Official opposition urges Minister to increase SAID rates
REGINA — The Saskatchewan Assured Income for Disability (SAID) program came under the scrutiny of the Legislature on Monday.
The issue was raised by opposition social service critic Meara Conway, who held a media conference attended by James MacLachlan, a SAID recipient who lives with myotonic dystrophy and is wheelchair dependent and lives in a nursing home.
He was accompanied by his sister Barbara Sambasivam. The media also included social workers, anti-poverty advocates and representatives from the Canadian Mental Health Association, Moose Jaw Food Bank and the Regina Anti-Poverty Ministry. They demanded an increase in the benefits for SAID.

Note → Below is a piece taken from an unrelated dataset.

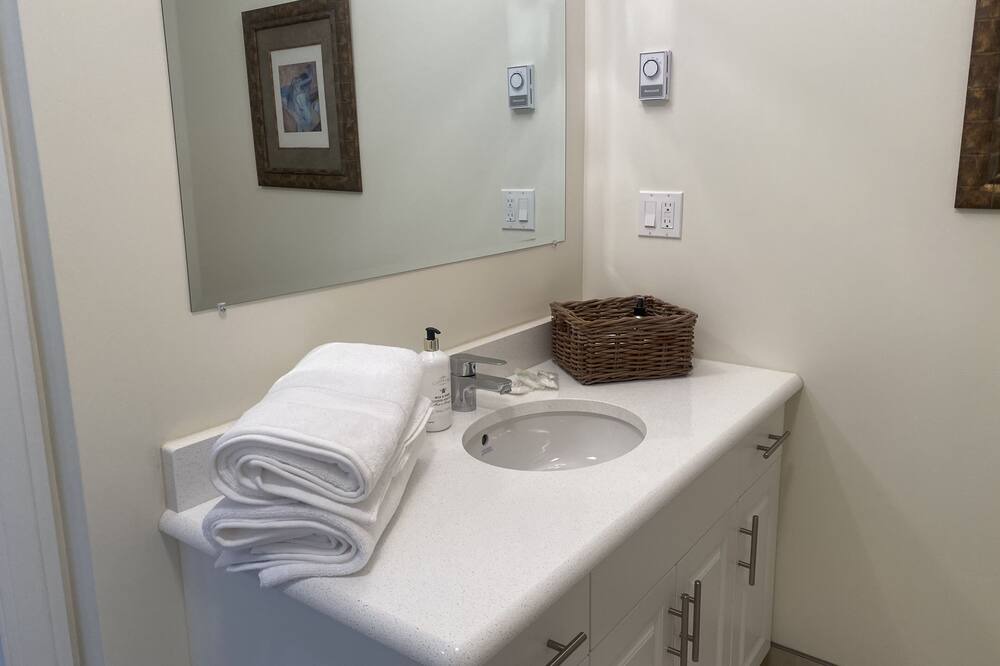 Photo of Bathroom in Upper Blandford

Conway explained at length MacLachlan’s plight. It was found that the Department of Social Services had decided to reclaim his full CPP disability and long-term disability insurance from his time with SARCAN. In March 2022, MacLachlan appealed the decision and won, but the decision was overturned by the Department’s Social Services Appeals Committee, which found the practice was consistent with SAID guidelines and that only the Minister could exempt the income.
The decision was found to have put James in a precarious position as he did not have enough to pay his rent.

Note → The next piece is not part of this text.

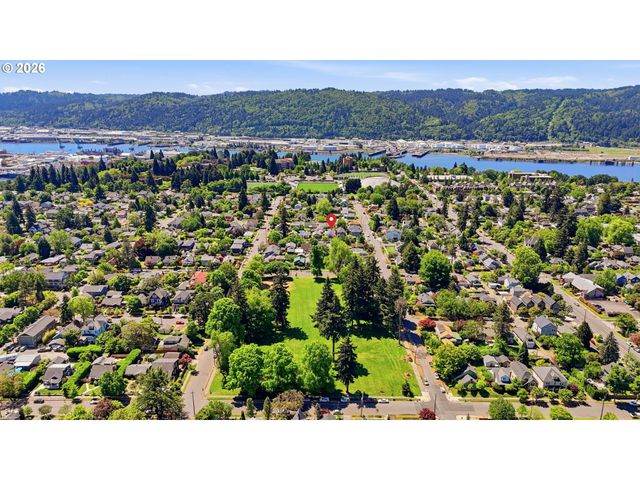 5226 N AMHERST St, Portland, OR 97203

“James is by no means alone in this fight, as the Sask Party government has a proven track record of reclaiming the pensions of people with disabilities,” Conway said.
Conway said she has written to Social Services Secretary Lori Carr on several occasions, “making her aware that her department discriminates against people with a long-term and permanent disability, and to date she has refused to change that policy.”
MacLachlan and the various representatives all attended Monday’s legislative process. During Question Time, Conway raised the issue directly with Secretary Carr.
“This administration has directed cut after cut after cut of the SAID program,” Conway said.
She described SAID as an income replacement program for people with permanent disabilities, adding that there had been no increase in seven years, a 20 percent cut in benefits.
Social Services Secretary Lori Carr responded that social services have programs to help individuals meet their challenges of earning more income and becoming self-sufficient and able to participate in their communities. She said since her government introduced SAID in 2009, it has had four increases over the period. She also pointed out that the community the program serves had been asking for a program for years, only to be “ignored to the members who never implemented a program.”
“This member knows full well that there hasn’t been an increase in seven years,” Conway said, pointing to other cuts.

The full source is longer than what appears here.